• _About this task_: Print all the data that follows exactly, images excluded.

[Short descriptive text snippets]
►

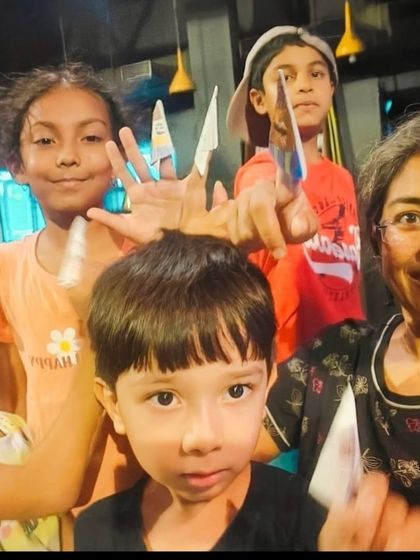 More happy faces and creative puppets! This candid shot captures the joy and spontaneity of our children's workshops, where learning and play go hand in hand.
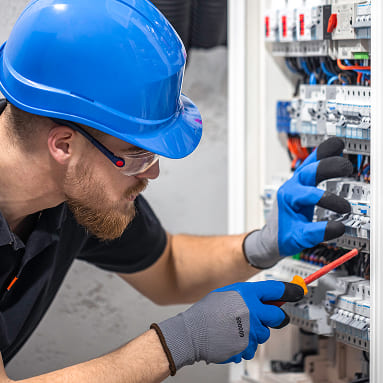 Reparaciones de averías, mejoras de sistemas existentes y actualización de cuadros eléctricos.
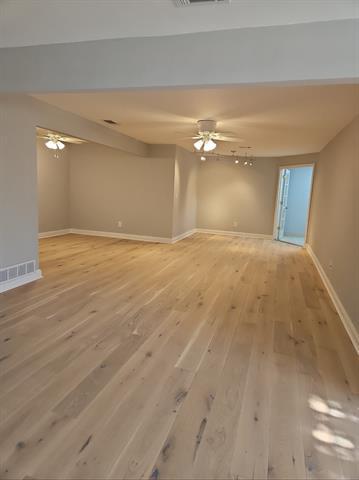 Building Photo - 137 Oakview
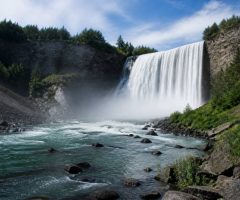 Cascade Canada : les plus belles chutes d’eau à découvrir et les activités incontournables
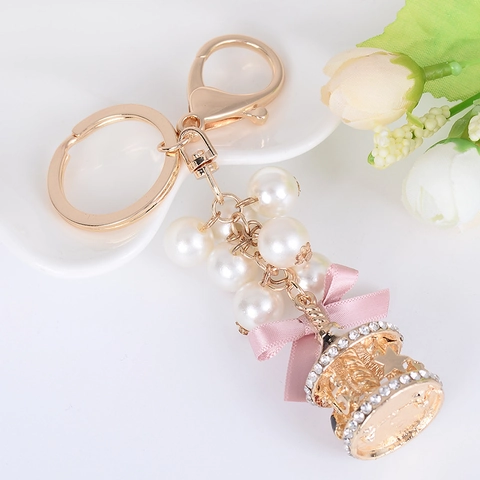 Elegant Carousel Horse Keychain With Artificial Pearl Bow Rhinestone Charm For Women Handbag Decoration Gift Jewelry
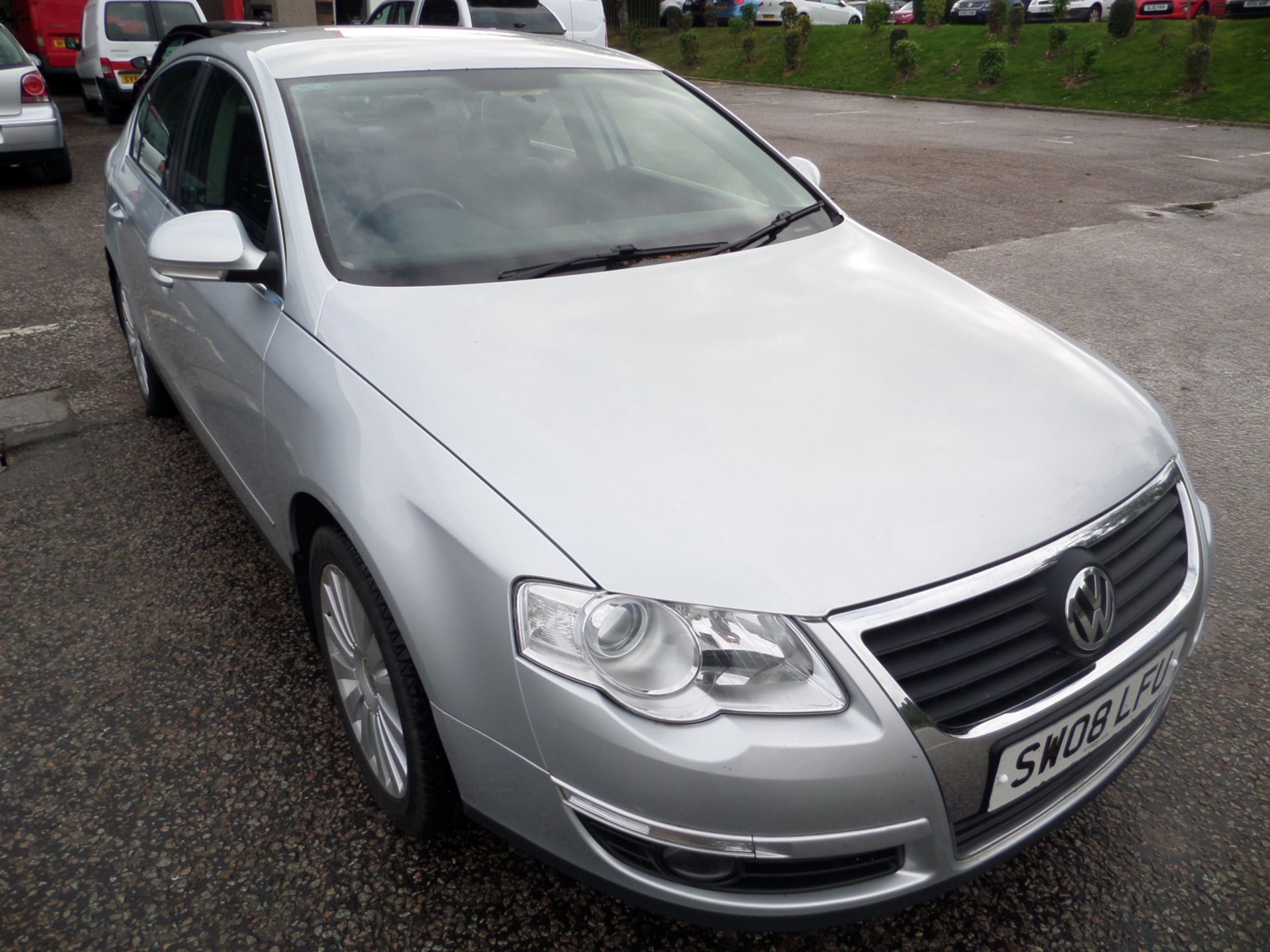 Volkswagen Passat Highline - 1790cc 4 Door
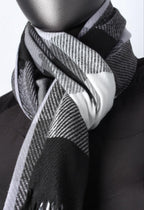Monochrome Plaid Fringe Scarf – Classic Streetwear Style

◄

• _Response area_:
 More happy faces and creative puppets! This candid shot captures the joy and spontaneity of our children's workshops, where learning and play go hand in hand.
 Reparaciones de averías, mejoras de sistemas existentes y actualización de cuadros eléctricos.
 Building Photo - 137 Oakview
 Cascade Canada : les plus belles chutes d’eau à découvrir et les activités incontournables
 Elegant Carousel Horse Keychain With Artificial Pearl Bow Rhinestone Charm For Women Handbag Decoration Gift Jewelry
 Volkswagen Passat Highline - 1790cc 4 Door
Monochrome Plaid Fringe Scarf – Classic Streetwear Style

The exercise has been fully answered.